(Dataset):
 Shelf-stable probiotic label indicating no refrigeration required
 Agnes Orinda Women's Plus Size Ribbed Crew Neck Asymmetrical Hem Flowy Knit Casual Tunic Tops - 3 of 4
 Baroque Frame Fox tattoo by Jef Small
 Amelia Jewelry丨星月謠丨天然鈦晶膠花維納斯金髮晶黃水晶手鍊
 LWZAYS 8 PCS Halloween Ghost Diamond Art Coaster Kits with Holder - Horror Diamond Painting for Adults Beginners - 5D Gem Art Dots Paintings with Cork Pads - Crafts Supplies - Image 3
---
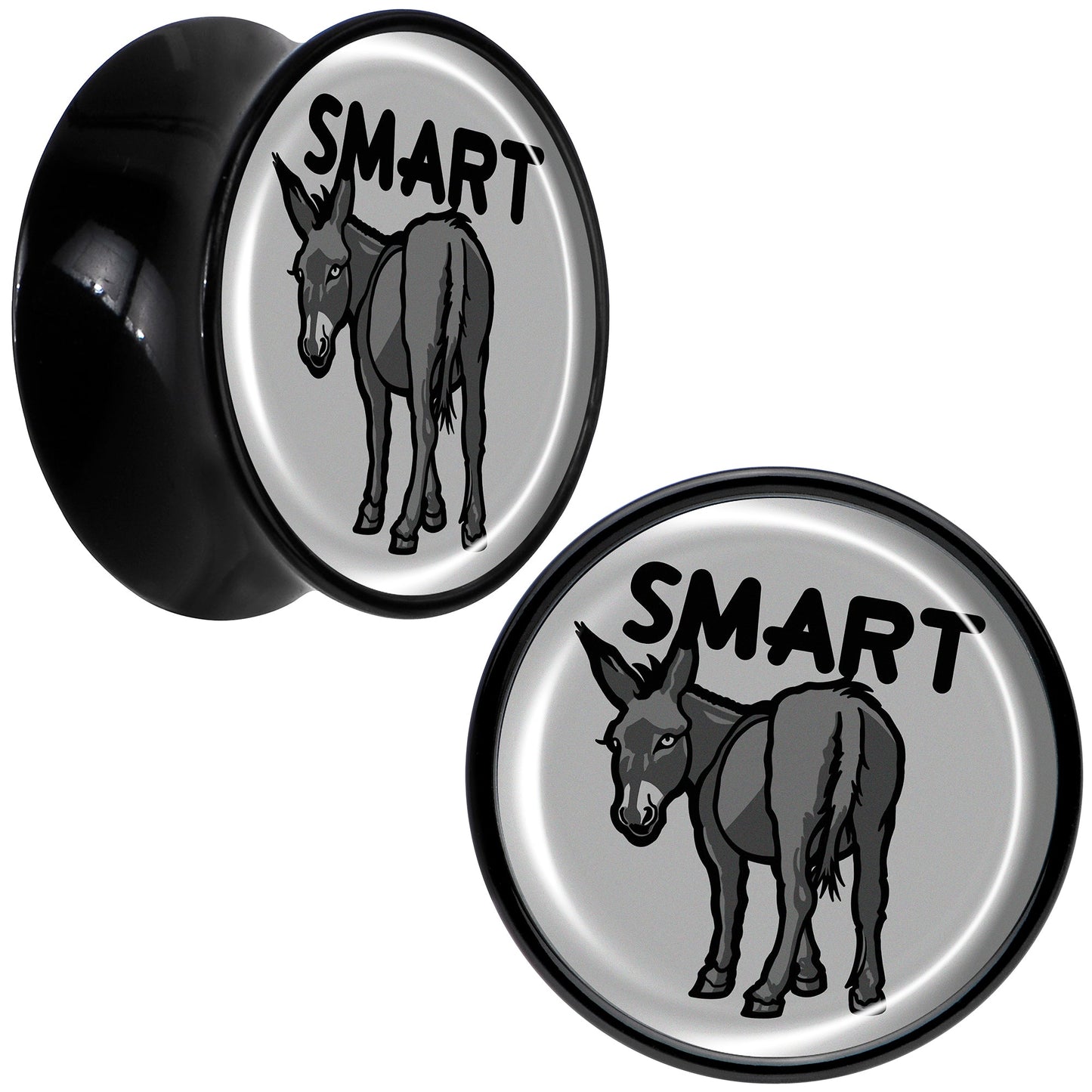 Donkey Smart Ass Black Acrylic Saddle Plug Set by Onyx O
---
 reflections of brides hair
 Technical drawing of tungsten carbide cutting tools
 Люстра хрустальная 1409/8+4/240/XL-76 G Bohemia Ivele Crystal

(Description of the task): The range runs from the line above containing "Amelia Jewelry丨星月謠丨天然鈦晶膠花維納斯金髮晶黃水晶手鍊" to the line containing "LWZAYS 8 PCS", inclusive. Restate those lines word for word and no others.

(Task solution):
 Amelia Jewelry丨星月謠丨天然鈦晶膠花維納斯金髮晶黃水晶手鍊
 LWZAYS 8 PCS Halloween Ghost Diamond Art Coaster Kits with Holder - Horror Diamond Painting for Adults Beginners - 5D Gem Art Dots Paintings with Cork Pads - Crafts Supplies - Image 3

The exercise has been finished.